My birthday (August 7th) was spent in a near-crisis meeting on Arnside Knott, where the tenant farmer’s cattle had been grazing the Blue Moor Grass sward rather too zealously for the Scotch Argus, whose population had declined alarmingly. We sorted it, folks, and very soon the Knott should be once more alive with Scotch Arguses on early August days. Butterfly populations often bounce back spectacularly after spells of so-called ‘over-grazing’. If not, get on to me – I’ll kill for this place.
In late August the Isle of Wight called. Bee-eaters were nesting in a sandy bank on National Trust land near Niton at the Island’s southern tip. And not just one pair either, but two. They successfully raised eight young, to the delight of numerous naturalists who were guided to a viewing spot by National Trust and RSPB staff. This was the most successful breeding attempt by Bee-eaters in the UK, and perhaps a sign of things to come, if our climate actually warms – if… . It was too much for me: I instantly declared the Bee-eater an Honorary Butterfly – we could do with an insectivorous butterfly as the Purple Emperor isn’t quite violent enough, it doesn’t kill anything.
The summer was becoming silly, and had to end. It ended on Guernsey and Herm in the Channel Islands at the end of August, where two species of butterfly stood out brazenly – the Holly Blue and the Speckled Wood. Both were remarkably numerous, even along Bracken cliff slopes away from any scrub or woodland. The Speckled Woods were deeply orange spotted, like their Scilly Island cousins. The Holly Blues were even more remarkable on Herm. There was plenty of Ivy for the late summer brood to breed on, but a near-total absence of any of the flowering shrubs used by the spring brood – no Holly, little Euopean Gorse, and very little Holm Oak and Pittospermum. What is the spring brood breeding on here? Answers, please, on this website… .

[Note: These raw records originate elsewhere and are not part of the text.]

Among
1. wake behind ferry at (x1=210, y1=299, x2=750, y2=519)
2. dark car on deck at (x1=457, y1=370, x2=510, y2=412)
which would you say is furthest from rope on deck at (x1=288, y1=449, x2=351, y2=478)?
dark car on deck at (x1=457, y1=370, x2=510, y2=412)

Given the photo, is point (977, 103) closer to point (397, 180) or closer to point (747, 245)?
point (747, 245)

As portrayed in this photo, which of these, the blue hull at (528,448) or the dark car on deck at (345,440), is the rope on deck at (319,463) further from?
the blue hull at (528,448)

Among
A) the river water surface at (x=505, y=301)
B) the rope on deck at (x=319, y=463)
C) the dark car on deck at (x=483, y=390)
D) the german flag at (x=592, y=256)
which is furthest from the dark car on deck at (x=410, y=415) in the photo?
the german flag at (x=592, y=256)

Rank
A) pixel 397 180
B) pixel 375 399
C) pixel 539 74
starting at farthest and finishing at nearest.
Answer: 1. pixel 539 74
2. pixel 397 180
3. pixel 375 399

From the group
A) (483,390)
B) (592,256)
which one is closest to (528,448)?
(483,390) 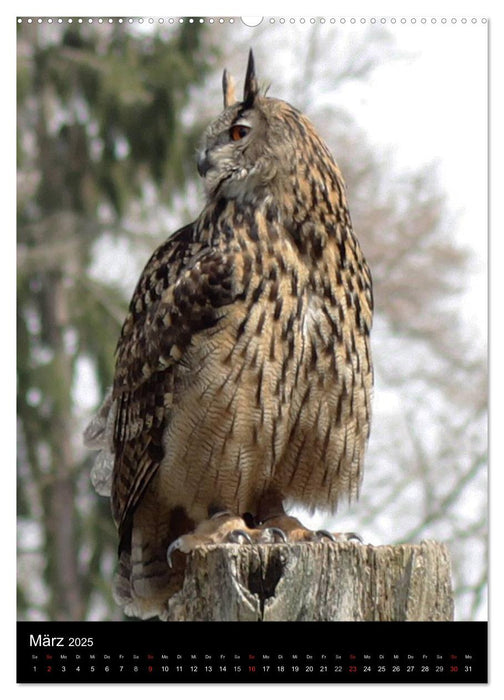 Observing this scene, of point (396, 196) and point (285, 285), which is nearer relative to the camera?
point (285, 285)

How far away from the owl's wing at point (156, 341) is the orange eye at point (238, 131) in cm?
30

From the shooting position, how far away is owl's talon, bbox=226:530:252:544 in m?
3.12

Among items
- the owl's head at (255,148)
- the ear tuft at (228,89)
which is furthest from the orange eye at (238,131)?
the ear tuft at (228,89)

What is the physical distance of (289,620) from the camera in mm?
2473

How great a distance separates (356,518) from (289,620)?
2852 millimetres

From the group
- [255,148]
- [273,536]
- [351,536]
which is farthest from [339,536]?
[255,148]

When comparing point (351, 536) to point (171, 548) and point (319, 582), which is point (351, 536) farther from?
point (171, 548)

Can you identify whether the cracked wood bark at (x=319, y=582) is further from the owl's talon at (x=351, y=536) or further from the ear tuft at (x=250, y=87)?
the ear tuft at (x=250, y=87)

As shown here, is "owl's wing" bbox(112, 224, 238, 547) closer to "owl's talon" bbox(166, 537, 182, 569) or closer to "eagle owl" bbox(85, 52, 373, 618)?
"eagle owl" bbox(85, 52, 373, 618)

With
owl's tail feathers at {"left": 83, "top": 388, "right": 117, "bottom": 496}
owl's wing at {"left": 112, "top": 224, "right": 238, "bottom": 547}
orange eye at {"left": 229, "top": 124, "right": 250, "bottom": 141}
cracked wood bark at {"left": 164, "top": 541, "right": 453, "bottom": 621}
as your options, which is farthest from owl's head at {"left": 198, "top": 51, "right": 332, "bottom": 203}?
cracked wood bark at {"left": 164, "top": 541, "right": 453, "bottom": 621}

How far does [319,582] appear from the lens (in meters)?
2.48

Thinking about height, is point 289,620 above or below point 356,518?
below

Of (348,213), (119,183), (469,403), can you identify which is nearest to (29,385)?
(119,183) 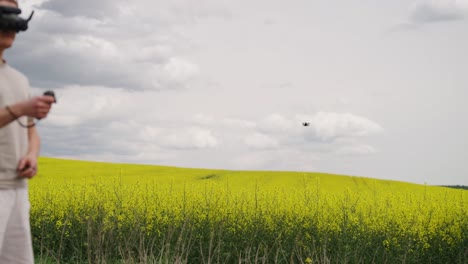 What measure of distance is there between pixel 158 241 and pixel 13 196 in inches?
235

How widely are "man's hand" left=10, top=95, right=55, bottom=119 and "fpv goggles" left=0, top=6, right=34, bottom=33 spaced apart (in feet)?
1.55

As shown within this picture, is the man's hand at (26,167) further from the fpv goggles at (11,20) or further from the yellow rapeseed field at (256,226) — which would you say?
the yellow rapeseed field at (256,226)

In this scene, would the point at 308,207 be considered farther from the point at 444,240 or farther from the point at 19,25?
the point at 19,25

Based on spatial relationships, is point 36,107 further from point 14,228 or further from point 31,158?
point 14,228

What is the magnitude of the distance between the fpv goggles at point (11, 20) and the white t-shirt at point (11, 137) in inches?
7.7

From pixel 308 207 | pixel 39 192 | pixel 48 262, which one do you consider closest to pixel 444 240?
pixel 308 207

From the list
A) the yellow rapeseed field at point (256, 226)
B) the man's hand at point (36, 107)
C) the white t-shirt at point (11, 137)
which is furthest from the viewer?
the yellow rapeseed field at point (256, 226)

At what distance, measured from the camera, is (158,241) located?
28.7ft

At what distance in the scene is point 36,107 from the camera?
264 centimetres

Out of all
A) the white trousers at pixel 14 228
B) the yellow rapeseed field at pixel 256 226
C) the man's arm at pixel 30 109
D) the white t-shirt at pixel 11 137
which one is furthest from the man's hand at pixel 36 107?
the yellow rapeseed field at pixel 256 226

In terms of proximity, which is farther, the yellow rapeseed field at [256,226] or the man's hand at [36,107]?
the yellow rapeseed field at [256,226]

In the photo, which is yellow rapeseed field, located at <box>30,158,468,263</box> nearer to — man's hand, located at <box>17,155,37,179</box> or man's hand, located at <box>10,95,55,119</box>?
man's hand, located at <box>17,155,37,179</box>

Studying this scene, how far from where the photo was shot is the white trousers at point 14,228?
2.88 metres

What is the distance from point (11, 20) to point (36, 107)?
0.57 meters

Of course, once August ended the weather improved. September was the driest on record for the UK as a whole, beating that of 1959 (apparently). But, sadly, it followed the 8th wettest August. October was mild but wet, though it ended strongly – the October half-term week was warmer and sunnier than the summer half-term week back in May. That summed 2014 up rather aptly.
Of course, I could have written this account three times over, mentioning different species and different places. Such is butterflying.